The blog’s official status at this point is quasinymity– it probably wouldn’t be too difficult to link this blog with my meatspace identity, but it’s not obvious to me whether I should encourage that identification or not.  The looming concern here is that I might write something idiotic, something which might encourage someone with a controlling interest in my future as a working scientist–like say my advisor–to conclude that I have no such thing.  The fear of publicly declaring idiotic things is a healthy one to have, but let me illustrate with an example:

I have recently decided that it is high time I learnt to program in a more traditional language, and last week I went to a short course put on by the Cambridge computer science faculty called “C for absolute beginners”…
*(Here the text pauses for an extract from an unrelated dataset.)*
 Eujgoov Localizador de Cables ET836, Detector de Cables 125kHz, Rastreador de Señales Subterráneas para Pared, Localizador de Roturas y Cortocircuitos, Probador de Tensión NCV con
I should perhaps add that I’ve attempted to understand C and C++ in the past, and although I didn’t manage, it was a big help this time round that I had seen at least some of it before…
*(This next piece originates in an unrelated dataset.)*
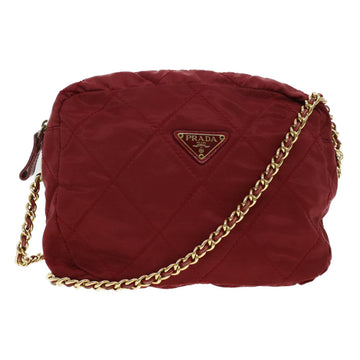 PRADA Quilted Chain Shoulder Bag Nylon Red Auth 41350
I don’t know where this is going to lead. It already felt pretty complicated when we learnt about file handling (things like processing the data from one file and copying it into another), and we didn’t get on to how one might plot graphs…

The author of this excerpt is Tim Gowers. Tim Gowers the Fields Medalist. You’ve just read Tim Gowers’s admission that the C programming language was beyond him.

I don’t mention this in order to wrest some ill-gotten sense of superiority from it.  Far from it: I’m deeply indebted to Gowers for his work on the Princeton Companion to Mathematics, which is a wonderful book that you can tell has benefited from his editorial eye on practically every page.  His “informal discussions” were also extremely helpful to me when I first studied real analysis and found myself wondering what its real purpose was.  I mention that post only to introduce the moral that I derived from it, which was impressed upon me strongly enough that I can recall practically the entire post, almost two years later: there is a kind of liberation in the admission of ignorance.  If Tim Gowers can admit to being bested by a C compiler, what do I possibly have to lose?

There is a famous story, possibly apocryphal, about Rutherford–already a Nobel laureate–enrolling in freshman chemistry in order to develop the background to interpret the Geiger-Marsden experiment.  So too, then, can Gowers the Fields medalist and computational complexity theorist take “C for absolute beginners.”  I don’t think myself a Rutherford or a Gowers, of course, but I do think myself capable of learning from their examples.